Sen. Angus King, an independent who caucuses with the Democrats, was asked on CNN last weekend about the For the People Act, a bill he has co-sponsored and is working on as a member of the Senate Rules Committee. King said that he doesn’t support the bill as written and thinks there are things that can be negotiated and modified.
“But the guts of it, Jake, is voting rights. It has a lot of other pieces. For example it has public financing of elections. It has a lot of other pieces in it. But the important part for me is protecting voting rights,” King told CNN’s Jake Tapper in a remote interview from Millinocket. “And that’s becoming more urgent by the day, based upon what’s going on around in the states.”
There is also an urgent need for Congressional Democrats to adapt to political realities. Manchin outlined his opposition to the For the People Act last weekend, along with his continued commitment to preserving the Senate filibuster. That effectively dooms the bill as written in the Senate, even if other Democrats wanted to try to get rid of the 60-vote threshold. The House of Representatives passed the bill in March, with both Rep. Chellie Pingree and Rep. Jared Golden supporting it.
But Manchin also continues to float the idea of reauthorizing the Voting Rights Act (VRA) in a bipartisan way. He and Republican Sen. Lisa Murkowski of Alaska urged congressional leadership to take this path in a May letter.
“Inaction is not an option. Congress must come together – just as we have done time and again – to reaffirm our longstanding bipartisan commitment to free, accessible, and secure elections for all,” Manchin and Murkowski wrote. “We urge you to join us in calling for the bipartisan reauthorization of the Voting Rights Act through regular order. We can do this. We must do this.”

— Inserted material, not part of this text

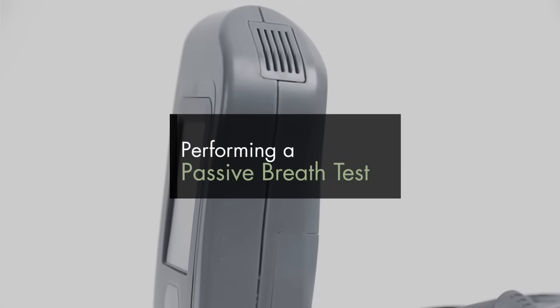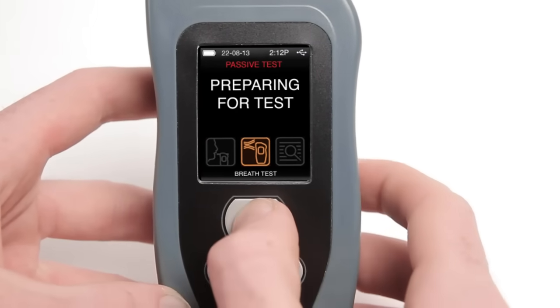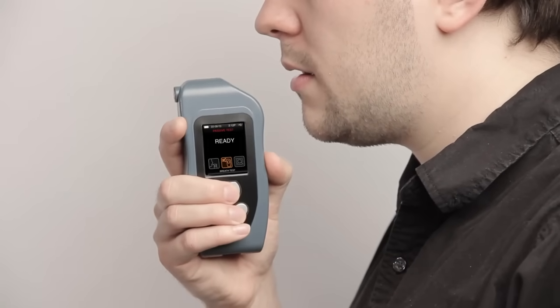Performing a Passive Breath Test. Select the Passive Test icon to perform a breath test without the use of a mouthpiece. Preparing for test is displayed, followed by Ready. Position your mouth 3 cm away from the exhaust grid and exhale for 5 seconds.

Now, such a bipartisan path requires actual bipartisan engagement. So far, Murkowski is the only Senate Republican who has supported a bipartisan VRA reauthorization. That brings us to our message for Republicans: they should join Murkowski in this push.
When the Supreme Court struck down part of the Voting Rights Act in 2013, Chief Justice John Roberts invited Congress to readdress that part of the legislation. It’s past time to take him up on that invitation. This isn’t the only thing lawmakers can do to protect voting rights across America, but it is the least they can do.
We asked both Maine Senators’ offices if they would support the idea of a bipartisan Voting Rights Act reauthorization.
“Senator Collins is open to bipartisan discussions to ensure our elections are free and fair,” Collins spokesperson Annie Clark said in a statement. “There are reforms she supports – such as efforts to disclose dark money and foreign influence contacts with political campaigns. She believes we should work on issues like those where we can find areas of agreement. Senator Collins does not support using taxpayer dollars to finance political campaigns, as [the For the People Act] proposes.”
“Senator King believes that voting rights are the bedrock foundation of the American experiment in self-government – and he would hope that all of his colleagues, from both parties, would agree,” King spokesperson Matthew Felling said in a statement. “He is prepared to work with any and all members of the Senate to advance legislation that strengthens our representative democracy for Americans across the nation.”
Like any other state, Maine only has two voices in the U.S. Senate. But given their positions as more moderate, consensus-driven members within their caucuses, they each can play an important role in advancing the voting rights debate. One Republican plus one independent does not equal 60, but both Collins and King should work to steer the Senate toward a bipartisan voting rights approach that protects the rights of all eligible voters and can clear a filibuster.